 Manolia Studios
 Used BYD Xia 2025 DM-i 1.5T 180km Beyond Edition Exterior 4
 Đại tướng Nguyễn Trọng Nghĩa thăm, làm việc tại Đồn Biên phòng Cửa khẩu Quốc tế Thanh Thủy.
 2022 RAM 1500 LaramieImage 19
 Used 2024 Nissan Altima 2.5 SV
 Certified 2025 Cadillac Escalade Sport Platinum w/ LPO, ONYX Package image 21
---+---
For each line of the material that contains the word "Used", make a copy.

Exercise result:
 Used BYD Xia 2025 DM-i 1.5T 180km Beyond Edition Exterior 4
 Used 2024 Nissan Altima 2.5 SV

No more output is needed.